Genes play an important role in the recent global upsurge in obesity.
Now an international research partnership with more than 200 researchers has identified seven new sites on the human genome where tiny differences in the genomic structure affect the risk of obesity.
The study is based on population studies of more than 260,000 people.
”Using a new method for statistical analysis we have identified seven new loci on the human genome that appear to affect the risk of overweight and obesity. We can now add these seven loci to the just over fifty loci we already knew about,” says Professor Thorkild I. A. Sørensen, the director of the Institute of Preventive Medicine at Frederiksberg Hospital, Denmark, who represents the Danish contribution to the study.
In their study the researchers mapped the genome of 263,407 people. They then looked for genetic differences between the overweight participants and those whose weight is normal or below normal.
Finding these genetic variants, however, is in no way an easy task:
”It’s the equivalent of scanning for selected words in 260,000 book collections with three billion letters each, and then trying to find out in which book collections one single letter has been replaced by another one,” says Sørensen.
The seven newly-identified loci that are associated with obesity are: HNF4G, RPTOR, GNAT2, MRPS33P4, ADCY9, HS6ST3 and ZZZ3.

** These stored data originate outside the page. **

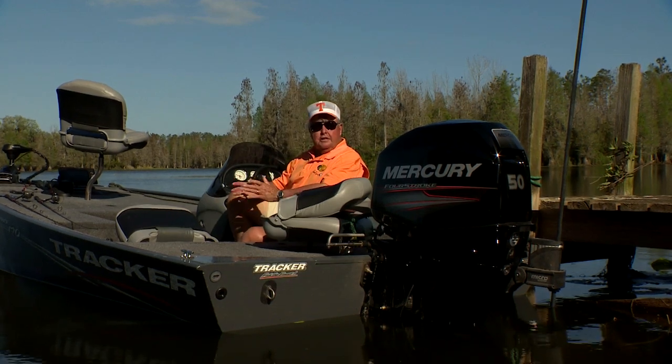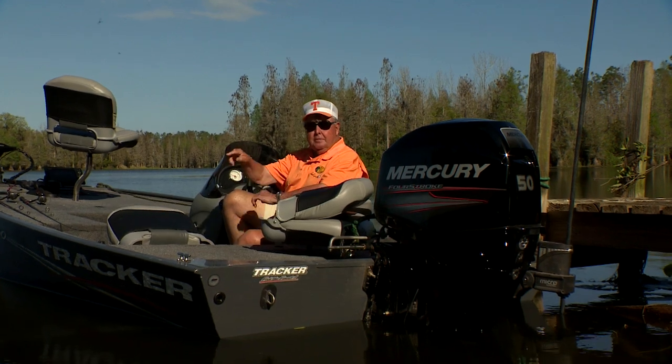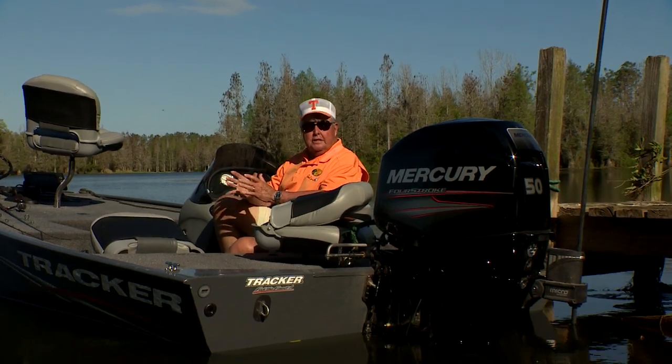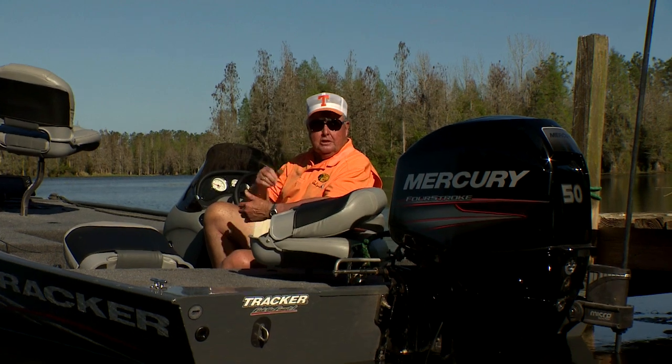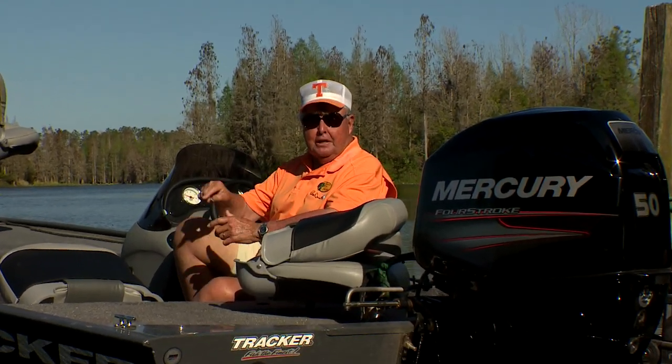For years anglers have known that varied tints and sunglass lenses have greatly helped them see even beneath the surface. The new tint, designed by an optometrist and owner of Solar Bed Sunglasses, gives even better insight into what lies beneath the surface.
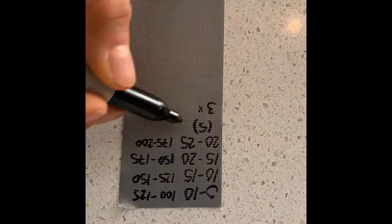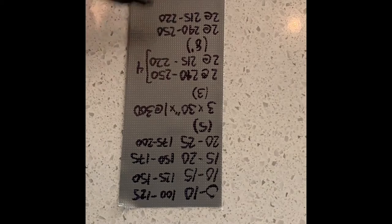Good morning. I'm about to go out training, but before I do I'm going to write out my workout plan on some duct tape. I'll be doing some over-under intervals, which means I'll be doing efforts over threshold and then efforts under threshold, and repeating them.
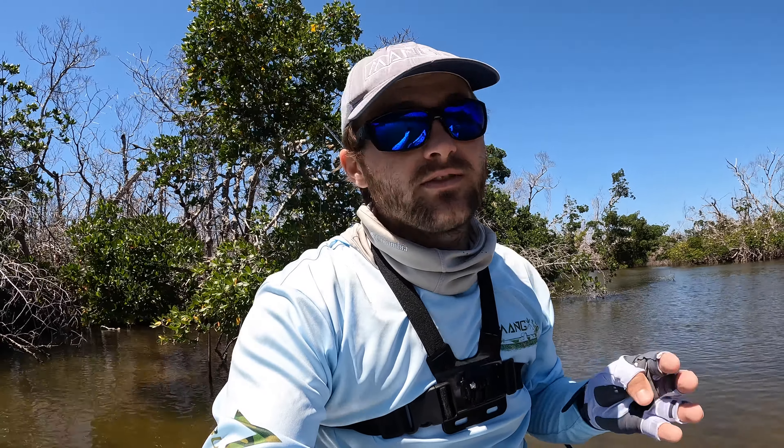Another major pro of this board is it is a two-pontoon system, and that makes for a very stable board. You can stand on this board, you can walk around on this board, and it's not going to flip on you. You will fall off this board before it flips on you. And there's enough space on here that if you have ever stood on a paddleboard, I don't think they get much more comfortable or more stable than this board.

“That’s what this study has accomplished. Our next task is to try and understand the meaning of having this one letter replaced by another. That’s not an easy task.”
Even though more than 1.5 billion people all over the world are overweight, and half a billion are obese, the world’s scientists can only theorise about how our genes have caused the recent explosion in obesity.
“We are still far from an understanding of obesity works genetically,” says the researcher.
As early as in 2007 researchers identified the first ‘obesity gene’, known as the FTO gene (Fat mass and obesity-associated protein), but after having studied the FTO genes for six years, they are still not sure how this gene variant affects obesity. They do, however, know that people with FTO have an increased risk of obesity.
“That’s why it is important to carry out further studies like this one, where we work across borders and across disciplines,” he says.
“The seven newly-found gene variants do not provide the answer to the obesity mystery by themselves, but we researchers are like detectives who try to solve one of nature’s riddles, and here all clues are of importance. Ultimately, we hope it will all result in a greater understanding of how obesity works on the genetic level.”
This year marks Sørensen’s 40th anniversary as an obesity researcher.
A genetic variant is a site on the human genome where one of the building blocks of the DNA (guanine, adenine, cytosine and thymine) has been replaced by another.
This can cause the gene on which the variant is located to behave differently, e.g. by predisposing the person who has the gene to obesity.
He has now come to terms with the thought that the epidemic of obesity is unlikely to be fully understood in his professional lifetime.
He does, however, believe it is realistic to hope for a solution within the next ten years:
”At some point the answer will pop up all of a sudden and researchers will be saying: ’Wow! There it is’,” he says.
“But the answer does not lie in the seven genes we have just identified, nor in the more than 100 genes that we expect to identify in the coming years. We need to figure out what major event in human history since World War Two is responsible for the change in the conditions for obesity development that has resulted in so many more people being fat today than before. Here, all new discoveries make up single pieces in the larger puzzle that we’re all trying to solve.”